◆ **Work to complete**:
Repeat each entry word for word. Leave any images out of the copy.

:: Supplied information

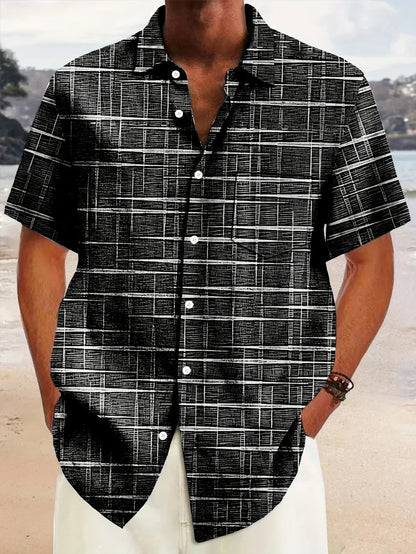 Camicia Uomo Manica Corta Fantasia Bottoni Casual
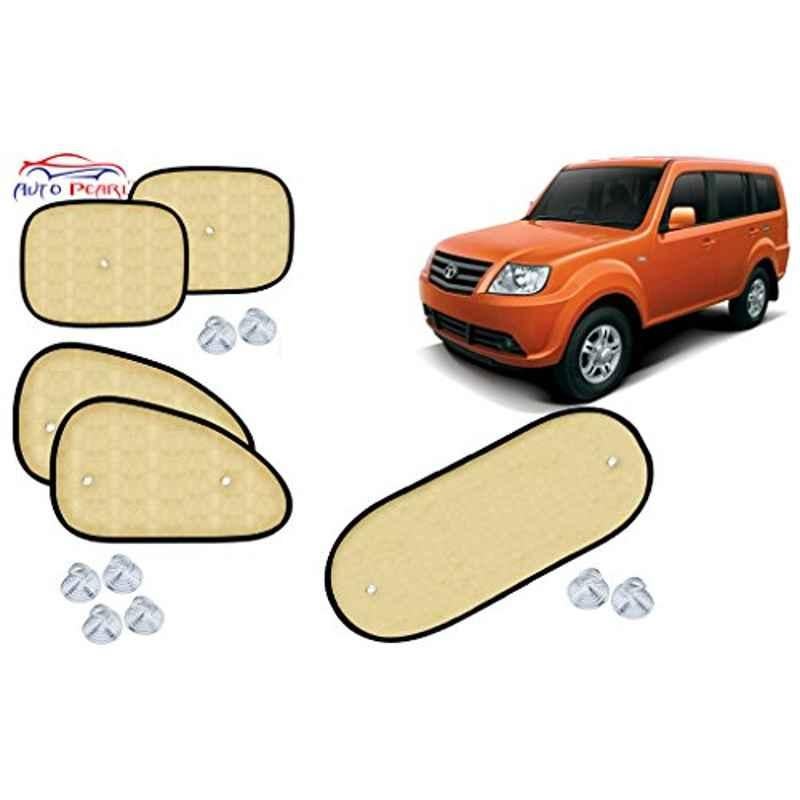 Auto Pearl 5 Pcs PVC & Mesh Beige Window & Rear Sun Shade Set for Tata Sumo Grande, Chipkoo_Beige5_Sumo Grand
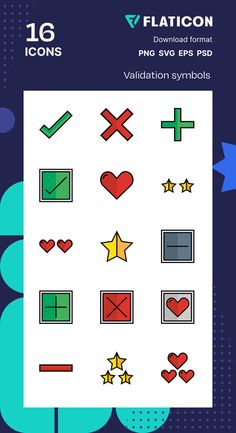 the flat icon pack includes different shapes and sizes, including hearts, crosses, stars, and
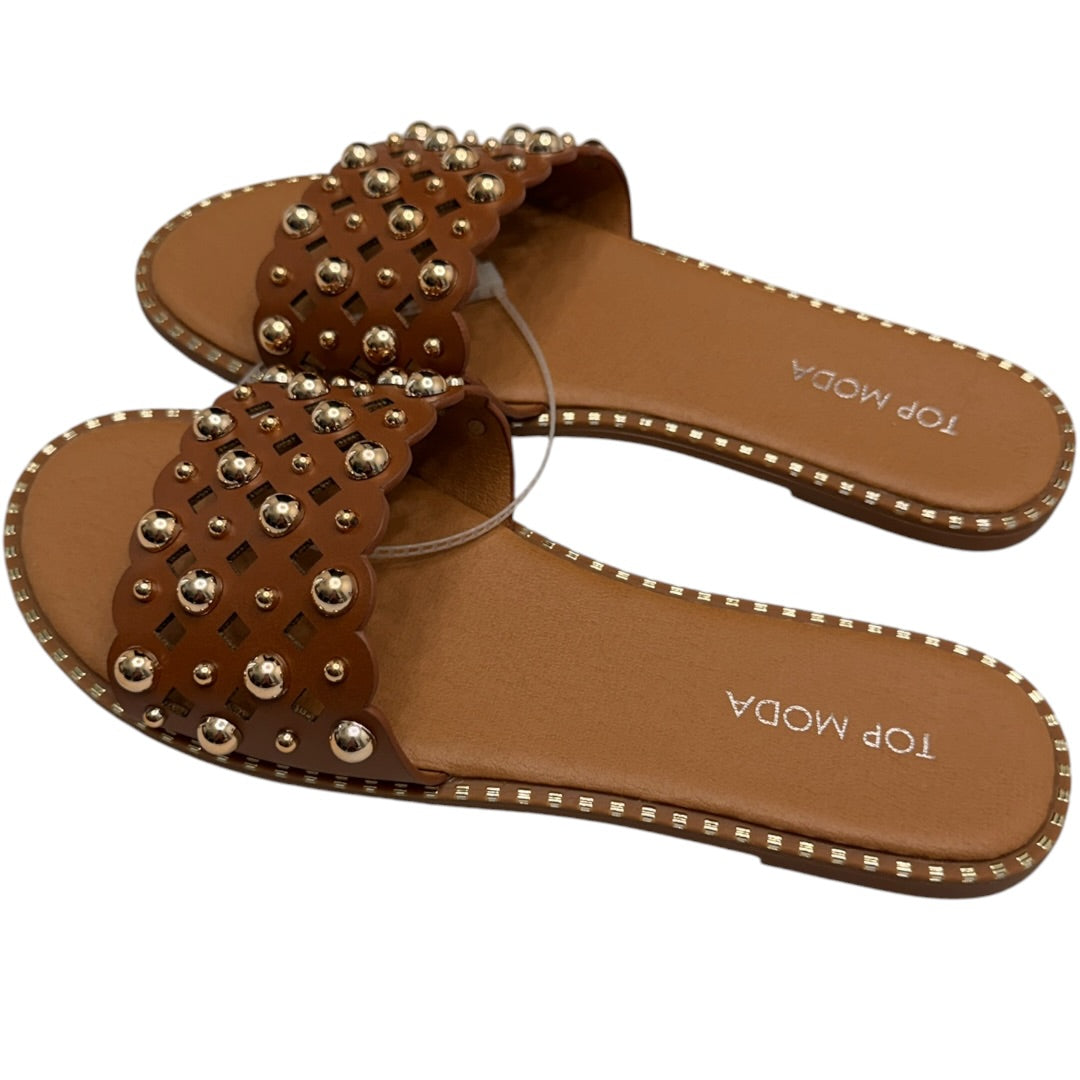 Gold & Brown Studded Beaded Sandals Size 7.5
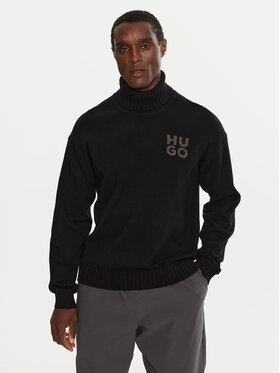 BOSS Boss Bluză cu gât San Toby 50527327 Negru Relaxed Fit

::::

◆ **Answer to this task**:
 Camicia Uomo Manica Corta Fantasia Bottoni Casual
 Auto Pearl 5 Pcs PVC & Mesh Beige Window & Rear Sun Shade Set for Tata Sumo Grande, Chipkoo_Beige5_Sumo Grand
 the flat icon pack includes different shapes and sizes, including hearts, crosses, stars, and
 Gold & Brown Studded Beaded Sandals Size 7.5
 BOSS Boss Bluză cu gât San Toby 50527327 Negru Relaxed Fit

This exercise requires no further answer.